# Serial cable from Tivo stereo to "phone" cable



## ycrazyy (Dec 2, 2001)

I am trying to make a serial cable so I can have my HR10 connect via serial PPP. I was looking for my stereo to serial cable, but can't find it anywhere but found this one. I stripped it, it had 3 wires so I figured it would work. My issue is the color of the wires is not the same as the diagram found here. I was assuming the black cable was the ground, red was the TD and white the RD but I can't seem to get it to work, even with different combinations. Anyone else made a cable using this? Please let me know, I'd really like to get my unit updated to 6.3 and don't have a phone line. Thanks!


----------



## classicsat (Feb 18, 2004)

You need an ohmmeter or continuty checker to verify which leads go to which on stereo plug.


----------



## willardcpa (Feb 23, 2001)

The cheapest continuity tester I have found is a flashlight battery and the bulb from the same flashlight. Along with a little bit of dexterity to connect with the bottom part of the plug, the tip is easy, and if you get that and the bottom part figured out the ring is the last one left.


----------



## ycrazyy (Dec 2, 2001)

Well just as a follow up, I have no idea which one is the right combo. I tried all 6 of the possible combos and none seemed to work.
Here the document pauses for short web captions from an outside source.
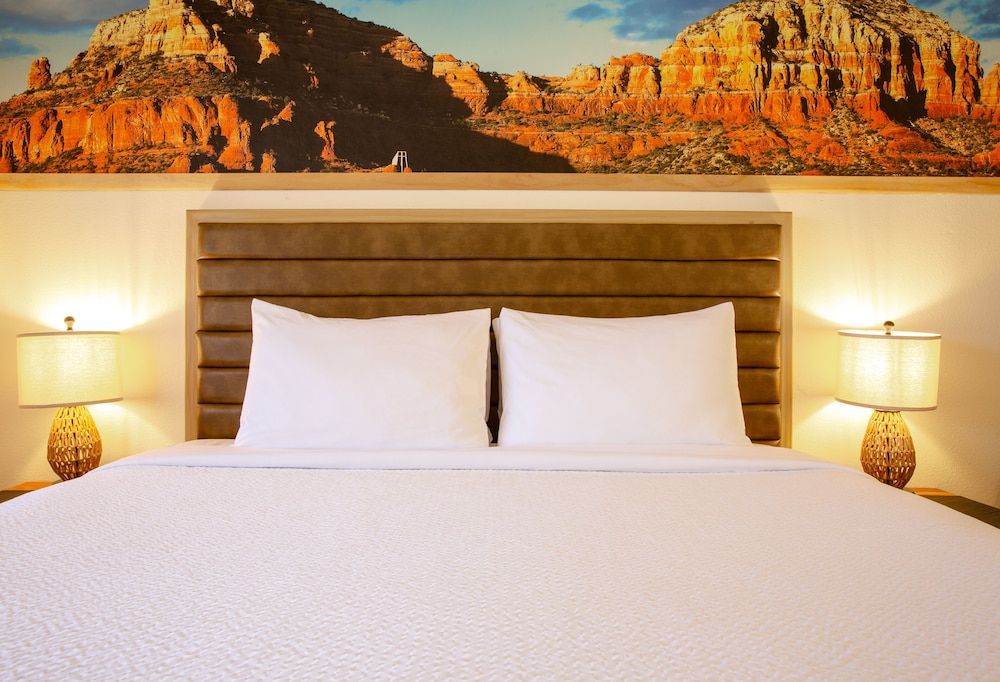GreenTree Inn Sedona Standard Room, 1 King Bed 3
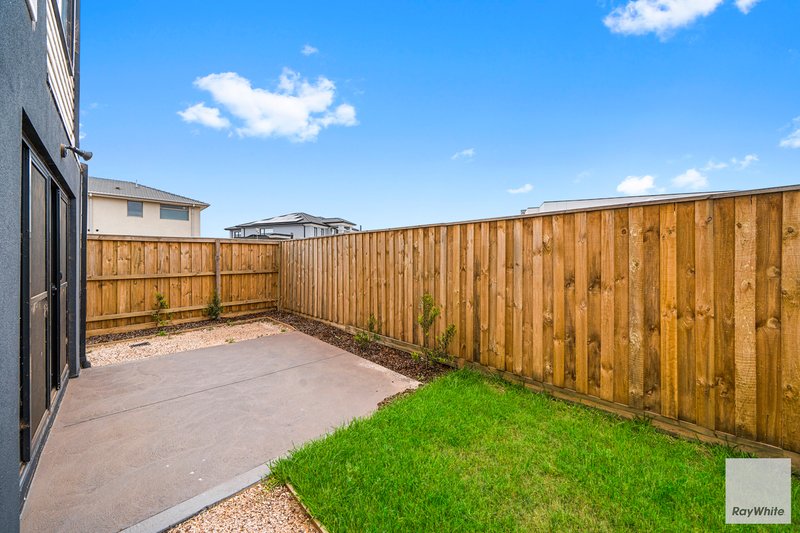 Photo - 93 Vere Court, Deanside VIC 3336 - Image 7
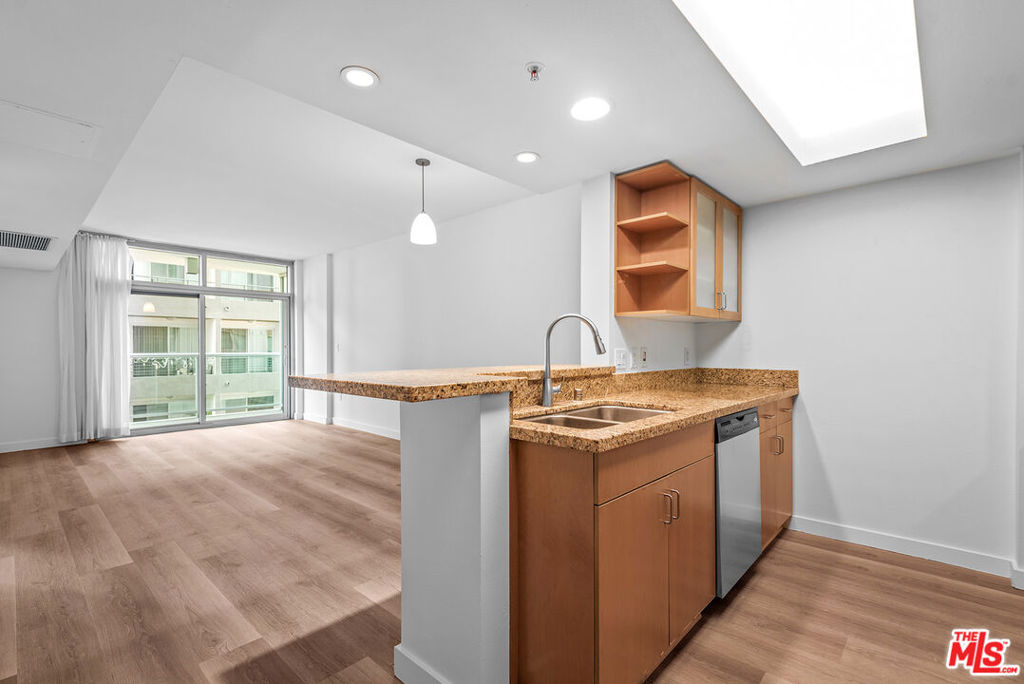 Gorgeous 1 bedroom, 1 bathroom condo in the full-service Azzurra. This bright and spacious unit offers new wood floors throughout, a great open floorplan, extra large balcony, stainless steel appliances, granite counter-tops, large custom built walk-in closet, 9 feet of floor to ceiling glass, 2 car parking, washer/dryer in-unit, central air and heat, and much more! Rent includes cable with HD channels, internet, water, trash and an abundance of resort-style amenities - 24 hour valet parking for guests, 24 hour front desk & security, concierge, rooftop spa and sky-lounge with panoramic views, outdoor kitchen with BBQ's, sparkling heated pool and spa, business center, media lounge, fine art collection, indoor/outdoor professional fitness center with yoga/pilates training studio, and more. Just seconds from world famous beaches, marina access, bike path, dog walk, trendy shops/restaurants, LAX and more!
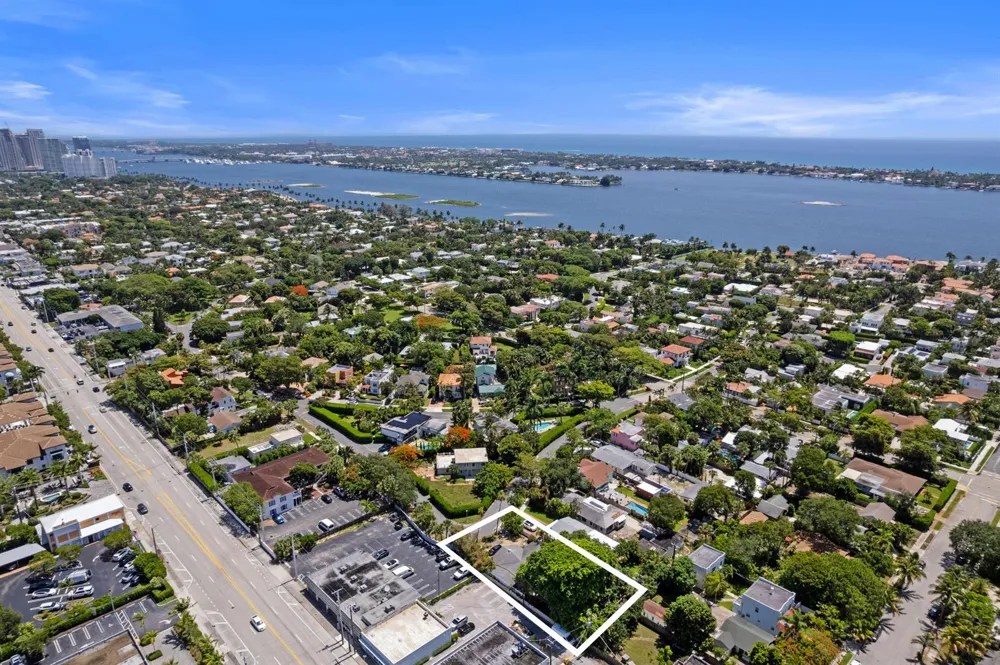 330 Marlborough Place West Palm Beach, FL 33405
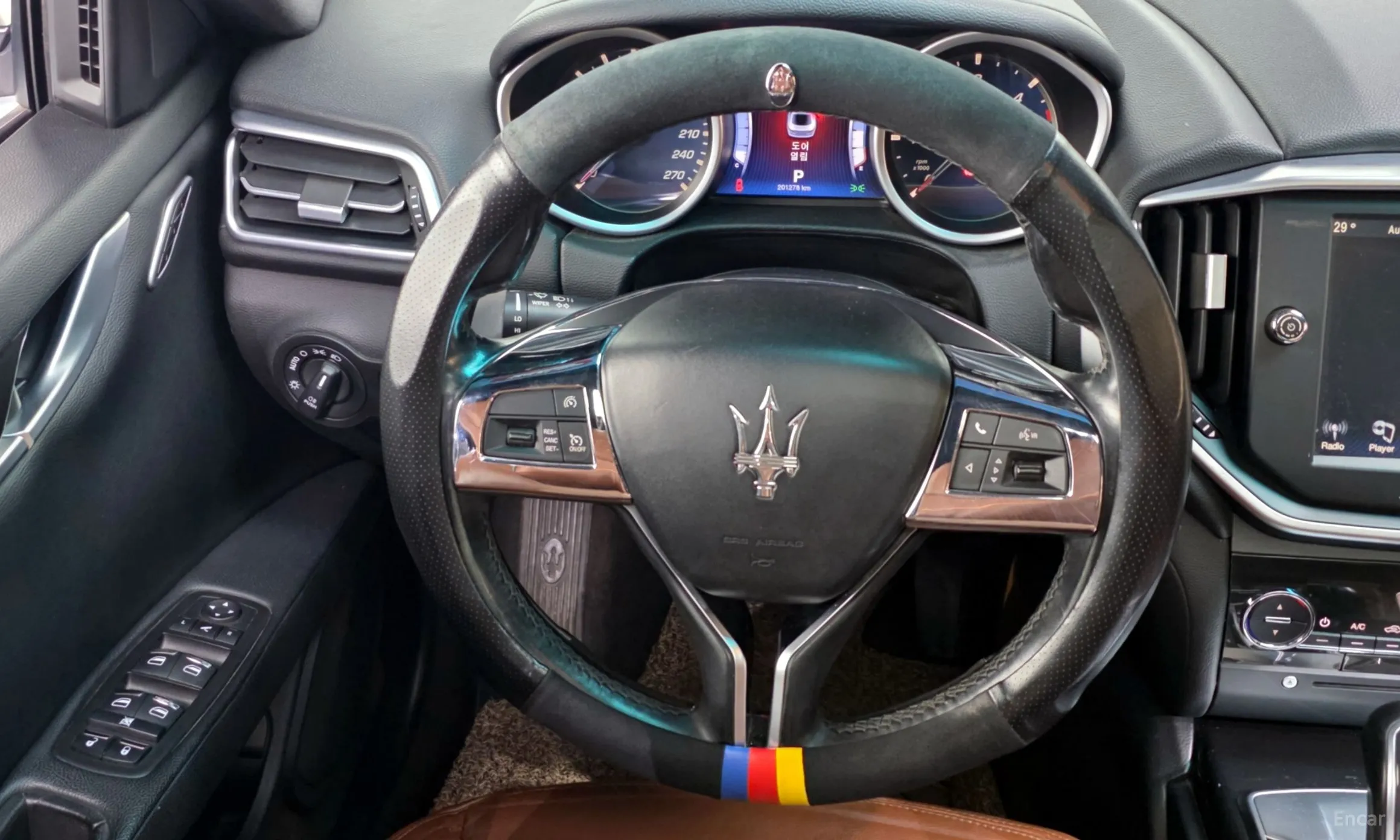 Maserati Ghibli превью 13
So either something is wrong in how I made the cable, or something is wrong with the way I set up the connection in XP. Either way, I guess we'll never know the answer. I found a friend with the stereo to serial cable and I bought a null modem adapter so hopefully I will bea ble to get this all working tomorrow and upgrade my machine.

I unfortunately do not have an ohmmeter or a flashlight lying around (sorry, it's an apt bldg and we have generators, no need) so I couldn't use the two suggestions posted. If I miraculously decide to try this all again and get success, I will update!


----------